# Intinital research and methodology

## 1. Overview

Since we are building a regression model, there are several models we can choose from:
- Linear Regression
- Ridge Regression
- Lasso Regression
- ElasticNet Regression
- Decision Tree Regression
- Random Forest Regression

We wil be using Cross Value Validation to pick the best between the models. But before that, let's dive a little deeper into what we will be working with to understand our process better.

## 2. Model and methodology research

### 2.1 How to evaluate the models - what metrics we are using

First, let's explore what metrics we are using to evaluate our models. For regression models, we typically use the following metrics:
- Mean Absolute Error (MAE): Average of absolute differences betweens predictions and actual values.
- Mean Squared Error (MSE): Average of squared differences between predictions and actual values.
- Root Mean Squared Error (RMSE): Square roots of MSE. 
- R-squared (Coefficient of Determination): Measure the proportion of variance in the dependent variable that is predictable from the independent variables. 

For our analysis, we're be using MAE and RMSE to understand the prediction error in term of our price unit (which is million VND) and R-quare to understand how well our model explain the variance in the housing price. We will also be measure the time it takes to run each model (cost of time).

I'd like to take some time to talk a bit more about R-square since it might be a bit difficult to understand at first. The formula for R-square is:

${Var(mean) - Var(fit) \over Var(mean)}$


Where `Var(mean)` describe the distribution of data points around their mean, while `Var(fit)` describe the distribution of the data points around the regression line. To explain how R-square work, let's imagine 2 senarios. 

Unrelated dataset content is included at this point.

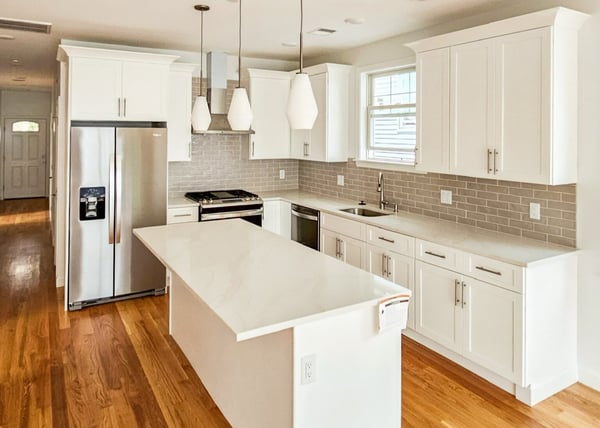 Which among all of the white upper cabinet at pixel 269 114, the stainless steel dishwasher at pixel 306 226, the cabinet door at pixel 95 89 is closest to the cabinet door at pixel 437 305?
the stainless steel dishwasher at pixel 306 226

1. If all the points falls in the regression line:

In this senario, the `Var(mean)` would have a value which we will call V, but `Var(fit)` wil have a value of 0. Because all the predicted data points fall on the regression line, the distance from every points to the regression line (and that also mean model - regression line can make perfect prediction). 

In this case, the value of R-square would be 1. Because:

${Var(mean) - Var(fit) \over Var(mean)}$ = $Var(mean) - 0 \over Var(mean)$ = 1

Which we can interpret as the dependent variable is perfected explained by the independent variables.

2. If no points fall in the regression line

Let's pretend like there is a senario where the distance of the variables to the regression line is the same as the distance to the mean of the data set. This regression line must be a very bad model because it does no better job than the mean line of the data set. 

In this case, the values of R-square would be 0. Because: 

${Var(mean) - Var(fit) \over Var(mean)}$ = $Var(mean) -  Var(mean) \over Var(mean)$ = 0

Which we can interpret as the dependent can't be explained by(and have no correlation with) the independent variables at all.

**In conclusion**: the way we are interpreting R-square is how much the dependent variable (value we want to predict) can be explain with the independent variable (values we use to predict). It values can range from 0 to 1 (although the value can also be negitive but I'm not going to dive into the reason why).


### 2.2. How do each model works

#### 2.2.1 Multiple Linear Regression

The multiple linear regression is linear regression apply to multiple dimension (depends on the number of predictors in our analysis).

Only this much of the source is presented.